The purpose of the present study was to test the hypothesis that elevated iron is a mechanism driving elevated kurtosis values in subcortical grey matter. In younger and older adults who underwent DKI, we characterized age group differences in iron and kurtosis in subcortical grey matter structures as well as in white matter tracts and then examined relationships between measures of iron and kurtosis in subcortical grey matter structures. To further test this relationship, we measured kurtosis in an agarose phantom with four levels of iron concentrations.

2. Methods

2.1. Discovery Cohort

2.2.1. Participants.

A cohort consisting of 110 older adults (65 female/45 male; mean age=69.3 years ± 6.3 years; age range: 60 years–87 years) and 63 younger adults (42 female/21 male; mean age=20.2 years ± 2.0 years; age range: 18 years–28 years) participated in this study. Each participant gave written informed consent prior to enrolling in the study as approved by the local institutional review board.

2.1.2. Structural acquisition and processing.

Images from a T1-weighted MP-RAGE sequence (echo time (TE)/repetition time (TR)/inversion time=3.02/2600/800 ms, flip angle=8°, voxel size=0.8×0.8×0.8 mm3) were used for registration from subject space to common space. T1-weighted images were analyzed with FMRIB Software Library (FSL). A transformation was derived between individual subject space to MNI152 T1-weighted space using FMRIB’s Linear Image Registration Tool (FLIRT) and FMRIB’s Nonlinear Image Registration Tool (FNIRT) in the FSL software package31,32.

2.1.3. Diffusion acquisition and processing.

Diffusion-weighted data were acquired using a spin-echo EPI with bipolar diffusion encoding gradients with the following parameters: TE/TR = 102/3500 ms, FOV = 212×182 mm, voxel size = 1.7×1.7×1.7 mm, 64 axial slices, six b=0 images, and multiband acceleration factor = 4. Diffusion-weighting was applied in 64 directions with two b-values (b=1500 s/mm2 and b=3000 s/mm2). Six b=0 images with reversed phase-encoding were acquired to correct for susceptibility distortions.

Diffusion data were denoised in mrtrix33, then corrected for motion, eddy current and susceptibility distortions using eddy in FSL34. Next, skull stripping of the T1-weighted image and susceptibility corrected b=0 image was performed using the brain extraction tool in the FSL software package35. Mean kurtosis (MK) was estimated in DIPY36.

2.1.4. Iron acquisition and processing.

Multi-echo data were collected with a 6-echo 3D gradient recalled echo sequence: TE1/∆TE/TR =4/6/40 ms, FOV=192×224 mm2, matrix size=192×224×96, and slice thickness=1.7 mm. R2* was calculated from the magnitude data assuming a monoexponential decay.

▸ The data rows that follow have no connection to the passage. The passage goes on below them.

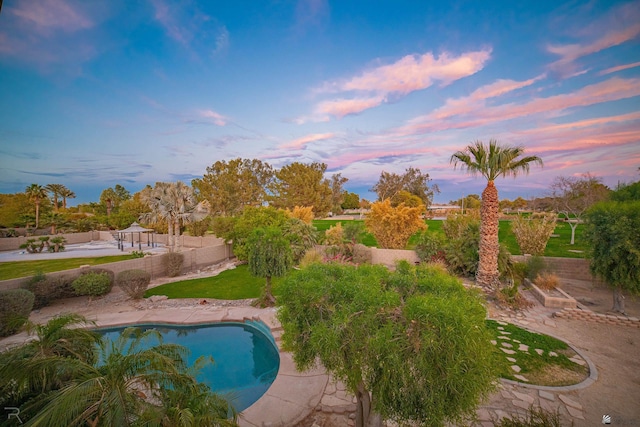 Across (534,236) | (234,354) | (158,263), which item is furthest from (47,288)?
(534,236)

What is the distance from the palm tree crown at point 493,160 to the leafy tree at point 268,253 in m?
8.91

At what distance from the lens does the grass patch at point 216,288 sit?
1344 cm

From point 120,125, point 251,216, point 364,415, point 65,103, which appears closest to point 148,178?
point 120,125

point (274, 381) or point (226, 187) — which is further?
point (226, 187)

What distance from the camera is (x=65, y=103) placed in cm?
1054

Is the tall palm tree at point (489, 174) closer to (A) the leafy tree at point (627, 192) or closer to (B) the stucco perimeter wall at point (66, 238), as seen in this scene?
(A) the leafy tree at point (627, 192)

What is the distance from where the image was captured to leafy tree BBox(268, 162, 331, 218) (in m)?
43.6

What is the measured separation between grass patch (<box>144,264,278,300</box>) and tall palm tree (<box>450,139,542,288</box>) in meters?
9.94

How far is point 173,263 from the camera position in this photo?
16.9 m

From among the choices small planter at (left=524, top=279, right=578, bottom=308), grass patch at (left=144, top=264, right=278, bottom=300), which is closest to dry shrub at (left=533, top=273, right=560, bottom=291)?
small planter at (left=524, top=279, right=578, bottom=308)

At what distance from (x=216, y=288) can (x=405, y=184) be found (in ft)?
178

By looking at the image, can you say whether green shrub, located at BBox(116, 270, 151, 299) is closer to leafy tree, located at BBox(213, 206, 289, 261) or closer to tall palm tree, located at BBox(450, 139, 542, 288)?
leafy tree, located at BBox(213, 206, 289, 261)

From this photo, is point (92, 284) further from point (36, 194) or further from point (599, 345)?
point (36, 194)

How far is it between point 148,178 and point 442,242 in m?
25.6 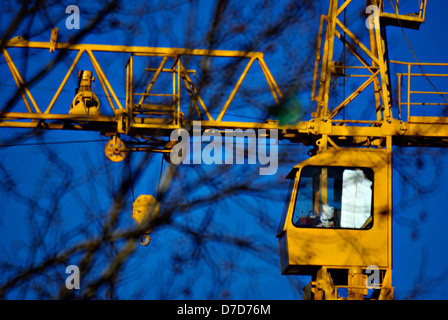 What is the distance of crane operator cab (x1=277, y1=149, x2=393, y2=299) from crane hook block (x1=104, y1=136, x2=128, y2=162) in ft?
15.0

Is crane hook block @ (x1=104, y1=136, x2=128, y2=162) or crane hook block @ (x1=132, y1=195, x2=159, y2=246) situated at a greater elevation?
crane hook block @ (x1=104, y1=136, x2=128, y2=162)

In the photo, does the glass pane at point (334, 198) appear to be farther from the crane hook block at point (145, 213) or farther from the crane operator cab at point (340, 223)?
the crane hook block at point (145, 213)

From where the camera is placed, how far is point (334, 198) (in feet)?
87.1

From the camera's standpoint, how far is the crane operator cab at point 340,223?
1053 inches

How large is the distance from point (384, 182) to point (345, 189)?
3.70 feet

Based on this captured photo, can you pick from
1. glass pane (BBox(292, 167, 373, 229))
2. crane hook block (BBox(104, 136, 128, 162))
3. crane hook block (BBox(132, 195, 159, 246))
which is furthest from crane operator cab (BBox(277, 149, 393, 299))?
crane hook block (BBox(132, 195, 159, 246))

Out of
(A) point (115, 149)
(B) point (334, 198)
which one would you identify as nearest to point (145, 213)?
(B) point (334, 198)

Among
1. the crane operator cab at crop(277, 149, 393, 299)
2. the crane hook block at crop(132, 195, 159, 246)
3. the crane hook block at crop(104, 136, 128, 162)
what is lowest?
the crane hook block at crop(132, 195, 159, 246)

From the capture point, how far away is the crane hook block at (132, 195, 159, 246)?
16203mm

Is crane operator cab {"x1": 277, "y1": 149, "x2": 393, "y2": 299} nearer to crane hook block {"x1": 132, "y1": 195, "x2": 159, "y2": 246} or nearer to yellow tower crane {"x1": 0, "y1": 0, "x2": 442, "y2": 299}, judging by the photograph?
yellow tower crane {"x1": 0, "y1": 0, "x2": 442, "y2": 299}

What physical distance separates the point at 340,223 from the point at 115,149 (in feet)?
20.6

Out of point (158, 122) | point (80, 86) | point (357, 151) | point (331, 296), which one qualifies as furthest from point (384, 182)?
point (80, 86)

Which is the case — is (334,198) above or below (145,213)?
above

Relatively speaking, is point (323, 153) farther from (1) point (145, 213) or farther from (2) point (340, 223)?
(1) point (145, 213) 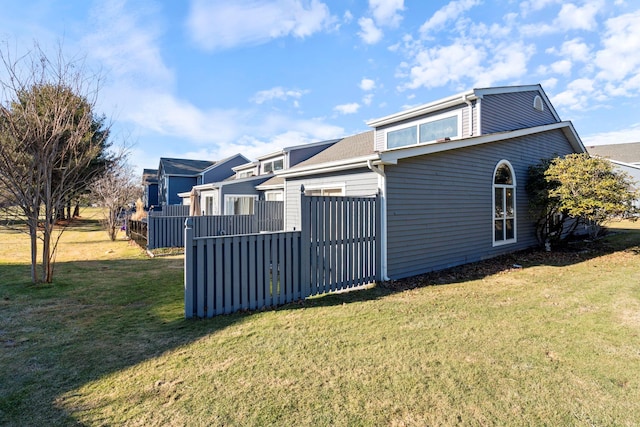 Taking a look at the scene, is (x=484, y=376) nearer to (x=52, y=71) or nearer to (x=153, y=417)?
(x=153, y=417)

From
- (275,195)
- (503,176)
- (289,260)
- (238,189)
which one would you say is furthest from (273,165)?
(289,260)

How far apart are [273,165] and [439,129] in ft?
34.7

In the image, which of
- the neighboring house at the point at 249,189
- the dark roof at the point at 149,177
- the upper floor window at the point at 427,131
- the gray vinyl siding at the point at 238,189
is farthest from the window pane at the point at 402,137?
the dark roof at the point at 149,177

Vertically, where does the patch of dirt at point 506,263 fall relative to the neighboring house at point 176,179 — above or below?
below

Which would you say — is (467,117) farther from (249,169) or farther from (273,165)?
(249,169)

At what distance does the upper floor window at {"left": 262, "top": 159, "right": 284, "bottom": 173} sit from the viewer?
18500 mm

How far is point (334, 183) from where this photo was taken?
8.12 metres

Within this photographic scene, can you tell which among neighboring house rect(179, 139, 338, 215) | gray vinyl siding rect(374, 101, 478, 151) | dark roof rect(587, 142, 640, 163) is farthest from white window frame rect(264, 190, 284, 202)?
dark roof rect(587, 142, 640, 163)

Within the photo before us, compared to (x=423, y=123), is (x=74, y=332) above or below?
below

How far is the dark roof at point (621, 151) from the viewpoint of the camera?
1211 inches

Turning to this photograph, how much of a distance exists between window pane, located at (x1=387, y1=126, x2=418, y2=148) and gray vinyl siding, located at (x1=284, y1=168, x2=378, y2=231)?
4.88m

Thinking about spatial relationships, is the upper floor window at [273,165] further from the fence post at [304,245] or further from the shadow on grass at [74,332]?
the fence post at [304,245]

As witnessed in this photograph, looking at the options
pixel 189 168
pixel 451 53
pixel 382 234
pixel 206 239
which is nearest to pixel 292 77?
pixel 451 53

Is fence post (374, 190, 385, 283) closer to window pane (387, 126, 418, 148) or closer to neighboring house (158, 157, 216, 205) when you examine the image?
window pane (387, 126, 418, 148) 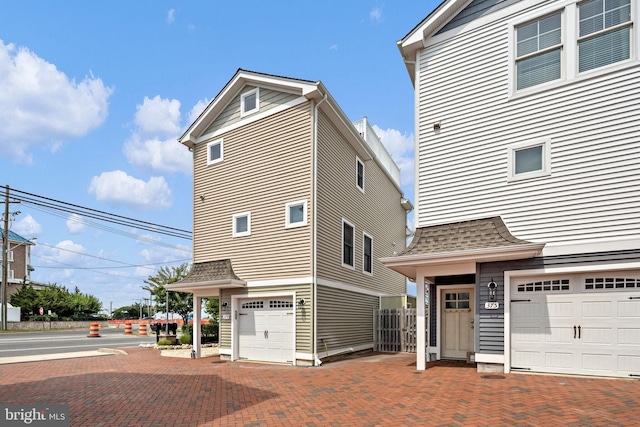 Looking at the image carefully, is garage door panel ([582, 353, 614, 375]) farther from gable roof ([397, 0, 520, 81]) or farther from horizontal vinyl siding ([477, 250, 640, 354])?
gable roof ([397, 0, 520, 81])

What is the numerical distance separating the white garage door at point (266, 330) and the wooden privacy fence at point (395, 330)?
4.68 m

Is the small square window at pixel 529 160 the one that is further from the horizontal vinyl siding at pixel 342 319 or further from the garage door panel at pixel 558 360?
the horizontal vinyl siding at pixel 342 319

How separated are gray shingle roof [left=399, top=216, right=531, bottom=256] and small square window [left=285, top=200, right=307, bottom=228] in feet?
11.8

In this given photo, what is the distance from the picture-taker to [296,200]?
43.2 ft

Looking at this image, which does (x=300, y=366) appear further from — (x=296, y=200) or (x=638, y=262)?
(x=638, y=262)

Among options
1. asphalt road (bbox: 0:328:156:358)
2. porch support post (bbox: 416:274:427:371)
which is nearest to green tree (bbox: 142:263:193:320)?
asphalt road (bbox: 0:328:156:358)

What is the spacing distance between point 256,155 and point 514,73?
26.8 ft

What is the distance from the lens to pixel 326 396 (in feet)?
25.8

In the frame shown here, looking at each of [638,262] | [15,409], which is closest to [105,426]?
[15,409]

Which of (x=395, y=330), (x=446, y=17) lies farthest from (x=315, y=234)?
(x=446, y=17)

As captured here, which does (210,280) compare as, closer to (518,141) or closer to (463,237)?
(463,237)

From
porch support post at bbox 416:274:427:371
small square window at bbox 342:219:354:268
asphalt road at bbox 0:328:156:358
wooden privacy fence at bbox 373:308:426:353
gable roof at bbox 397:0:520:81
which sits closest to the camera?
porch support post at bbox 416:274:427:371

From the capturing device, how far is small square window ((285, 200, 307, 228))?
1295 centimetres

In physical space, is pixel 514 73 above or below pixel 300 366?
above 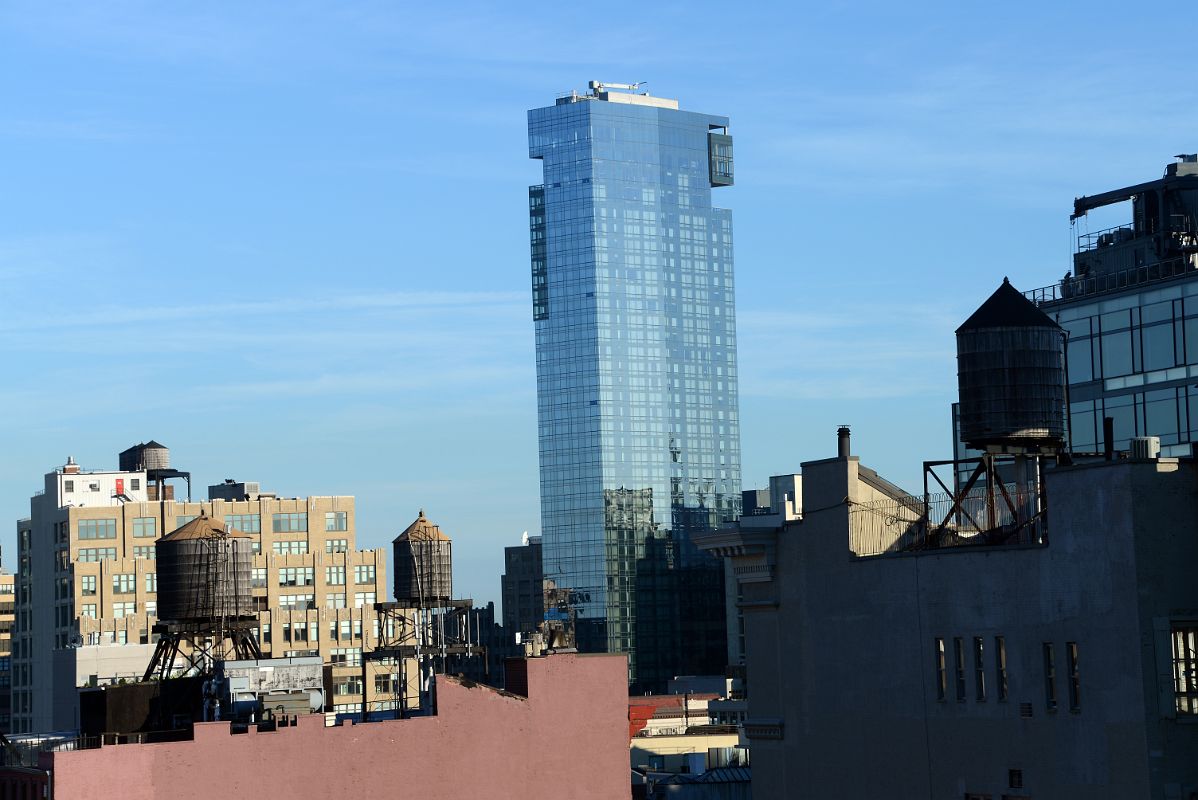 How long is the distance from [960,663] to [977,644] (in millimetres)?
1124

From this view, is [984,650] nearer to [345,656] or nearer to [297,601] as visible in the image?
[345,656]

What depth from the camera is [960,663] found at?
63031 mm

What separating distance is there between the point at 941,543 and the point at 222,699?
30.3 metres

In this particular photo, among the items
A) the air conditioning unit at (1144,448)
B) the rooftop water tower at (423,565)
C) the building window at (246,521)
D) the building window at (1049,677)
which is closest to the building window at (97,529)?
the building window at (246,521)

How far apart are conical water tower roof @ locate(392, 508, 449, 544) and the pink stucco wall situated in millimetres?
29374

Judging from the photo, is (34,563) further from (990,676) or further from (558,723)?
(990,676)

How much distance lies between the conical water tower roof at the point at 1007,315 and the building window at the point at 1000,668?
10.5 m

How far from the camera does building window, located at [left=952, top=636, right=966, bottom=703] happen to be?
62.8 metres

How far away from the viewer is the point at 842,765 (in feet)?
226

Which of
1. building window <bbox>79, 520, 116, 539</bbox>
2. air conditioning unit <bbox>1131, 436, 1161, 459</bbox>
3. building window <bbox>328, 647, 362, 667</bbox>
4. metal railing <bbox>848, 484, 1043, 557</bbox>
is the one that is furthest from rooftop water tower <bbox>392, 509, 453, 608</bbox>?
building window <bbox>79, 520, 116, 539</bbox>

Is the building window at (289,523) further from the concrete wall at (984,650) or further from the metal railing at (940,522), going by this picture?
the metal railing at (940,522)

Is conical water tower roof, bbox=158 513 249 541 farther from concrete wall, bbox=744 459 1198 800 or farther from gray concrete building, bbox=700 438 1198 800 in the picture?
concrete wall, bbox=744 459 1198 800

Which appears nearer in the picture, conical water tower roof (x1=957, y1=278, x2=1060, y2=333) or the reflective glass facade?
conical water tower roof (x1=957, y1=278, x2=1060, y2=333)

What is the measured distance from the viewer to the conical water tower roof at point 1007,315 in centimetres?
6469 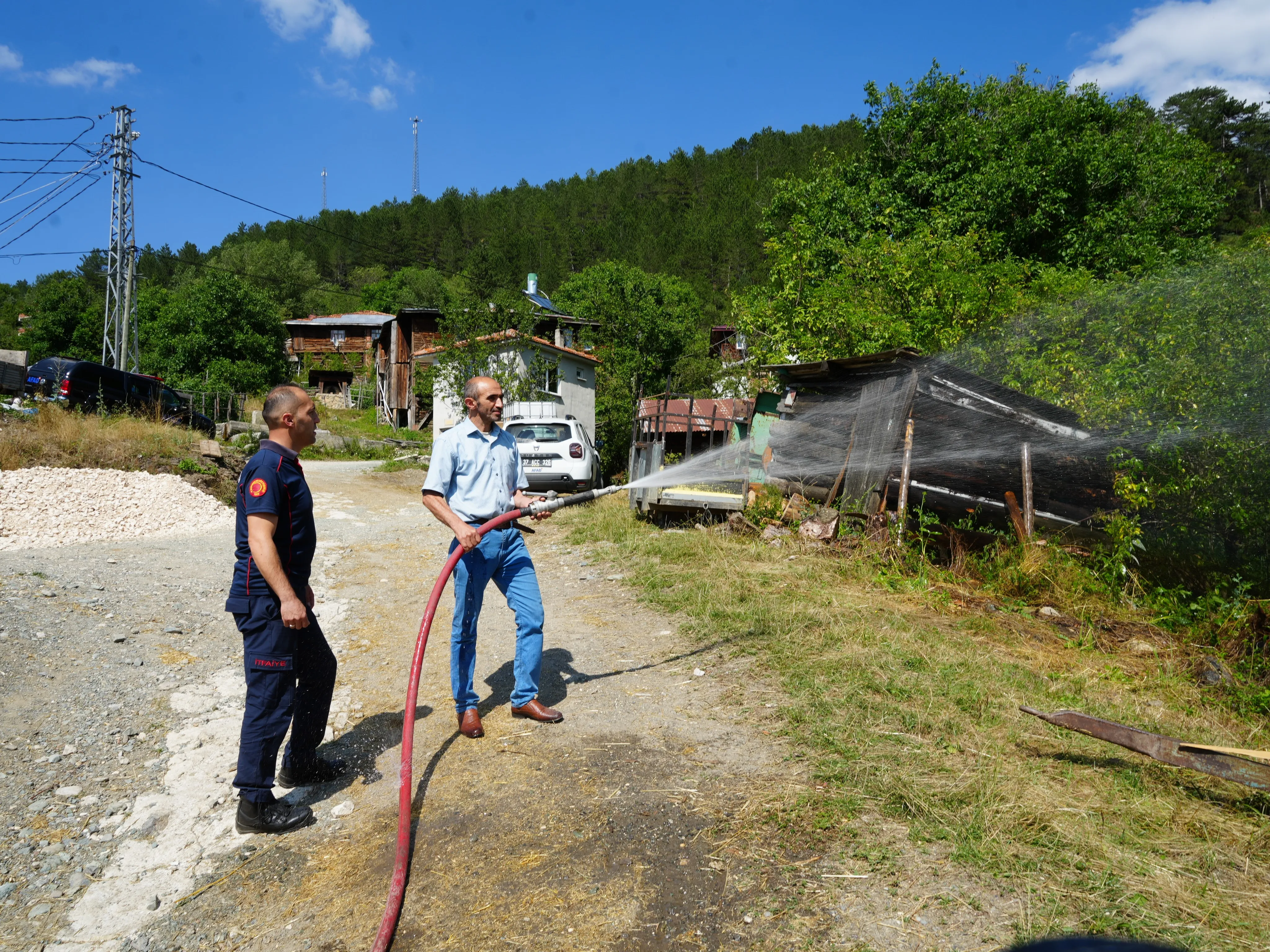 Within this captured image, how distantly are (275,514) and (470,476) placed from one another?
1.11 metres

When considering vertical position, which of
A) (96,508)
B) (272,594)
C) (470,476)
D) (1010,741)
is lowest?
(1010,741)

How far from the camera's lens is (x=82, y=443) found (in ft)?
39.2

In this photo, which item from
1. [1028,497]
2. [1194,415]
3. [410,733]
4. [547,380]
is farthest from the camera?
[547,380]

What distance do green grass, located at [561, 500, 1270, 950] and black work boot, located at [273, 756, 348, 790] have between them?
82.7 inches

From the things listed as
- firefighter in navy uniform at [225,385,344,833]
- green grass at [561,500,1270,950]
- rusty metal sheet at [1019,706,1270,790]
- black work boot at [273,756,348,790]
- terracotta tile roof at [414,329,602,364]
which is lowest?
black work boot at [273,756,348,790]

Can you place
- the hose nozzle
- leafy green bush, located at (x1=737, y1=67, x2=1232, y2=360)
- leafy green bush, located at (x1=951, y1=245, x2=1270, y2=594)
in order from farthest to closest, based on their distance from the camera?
leafy green bush, located at (x1=737, y1=67, x2=1232, y2=360)
leafy green bush, located at (x1=951, y1=245, x2=1270, y2=594)
the hose nozzle

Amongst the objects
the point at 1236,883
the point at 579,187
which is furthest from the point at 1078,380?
the point at 579,187

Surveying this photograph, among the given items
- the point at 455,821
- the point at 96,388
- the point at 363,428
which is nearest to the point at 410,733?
the point at 455,821

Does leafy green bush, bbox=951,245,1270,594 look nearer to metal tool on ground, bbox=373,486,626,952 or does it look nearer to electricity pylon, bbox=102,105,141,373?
metal tool on ground, bbox=373,486,626,952

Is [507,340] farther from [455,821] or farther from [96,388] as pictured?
[455,821]

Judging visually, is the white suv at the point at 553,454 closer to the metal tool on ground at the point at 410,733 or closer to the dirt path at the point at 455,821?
the dirt path at the point at 455,821

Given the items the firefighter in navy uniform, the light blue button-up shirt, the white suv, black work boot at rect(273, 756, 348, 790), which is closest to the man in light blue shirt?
the light blue button-up shirt

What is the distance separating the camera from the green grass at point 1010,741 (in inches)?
98.2

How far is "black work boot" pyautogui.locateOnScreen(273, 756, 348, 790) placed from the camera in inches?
138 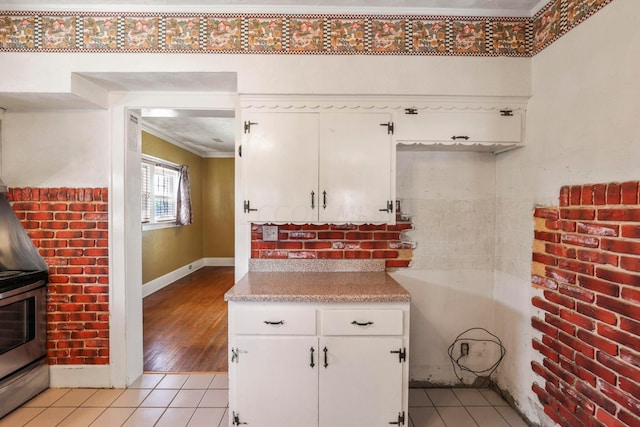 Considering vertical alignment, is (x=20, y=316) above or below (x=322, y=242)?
below

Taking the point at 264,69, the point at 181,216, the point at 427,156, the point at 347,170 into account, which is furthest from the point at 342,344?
the point at 181,216

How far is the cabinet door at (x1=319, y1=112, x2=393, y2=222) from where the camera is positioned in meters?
2.07

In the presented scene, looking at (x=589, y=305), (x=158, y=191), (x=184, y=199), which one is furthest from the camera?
(x=184, y=199)

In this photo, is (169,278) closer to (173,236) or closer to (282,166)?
(173,236)

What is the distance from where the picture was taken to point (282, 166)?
6.78 ft

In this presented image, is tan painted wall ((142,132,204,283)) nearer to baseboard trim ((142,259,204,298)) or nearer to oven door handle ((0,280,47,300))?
baseboard trim ((142,259,204,298))

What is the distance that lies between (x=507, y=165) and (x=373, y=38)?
4.05 feet

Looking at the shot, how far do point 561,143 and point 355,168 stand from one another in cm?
112

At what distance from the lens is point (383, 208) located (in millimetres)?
2074

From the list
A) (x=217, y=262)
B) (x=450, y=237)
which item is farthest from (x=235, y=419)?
(x=217, y=262)

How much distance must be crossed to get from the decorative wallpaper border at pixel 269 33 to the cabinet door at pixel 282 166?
493mm

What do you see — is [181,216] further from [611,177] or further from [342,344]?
[611,177]

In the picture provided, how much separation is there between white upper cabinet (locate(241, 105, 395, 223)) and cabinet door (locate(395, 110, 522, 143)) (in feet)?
0.43

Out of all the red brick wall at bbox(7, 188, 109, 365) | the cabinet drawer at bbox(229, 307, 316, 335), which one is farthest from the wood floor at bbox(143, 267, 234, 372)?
the cabinet drawer at bbox(229, 307, 316, 335) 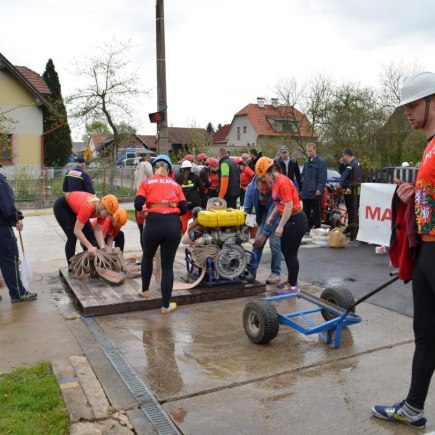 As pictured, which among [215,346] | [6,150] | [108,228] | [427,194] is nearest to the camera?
[427,194]

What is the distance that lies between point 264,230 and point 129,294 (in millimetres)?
1922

2.1.5. Regions of interest.

Globus pallidus, putamen, caudate nucleus, thalamus, and hippocampus regions of interest (ROIs) were defined using the Harvard-Oxford subcortical atlas and the dentate nucleus was defined using a previously published atlas37. MK and mean R2* were measured in each grey matter ROI. White matter ROIs for the superior longitudinal fasciculus, forceps major, and forceps minor were defined using the Johns-Hopkins white matter atlas and mean MK was measured in each ROI. For each ROI, voxels with MK values that were negative or greater than 4 were excluded.

2.2. ADNI Replication Cohort

2.2.1. Database and participants.

Data from the Alzheimer’s Disease Neuroimaging Initiative (ADNI) database (adni.loni.usc.edu) were used to replicate the observed relationship between iron and kurtosis. Up-to-date information can be found at www.adni-info.org. The ADNI study was approved by the local Institutional Review Boards of all participating sites. Study subjects and, if applicable, their legal representatives, gave written informed consent at the time of enrollment for imaging data, genetic sample collection and clinical questionnaires.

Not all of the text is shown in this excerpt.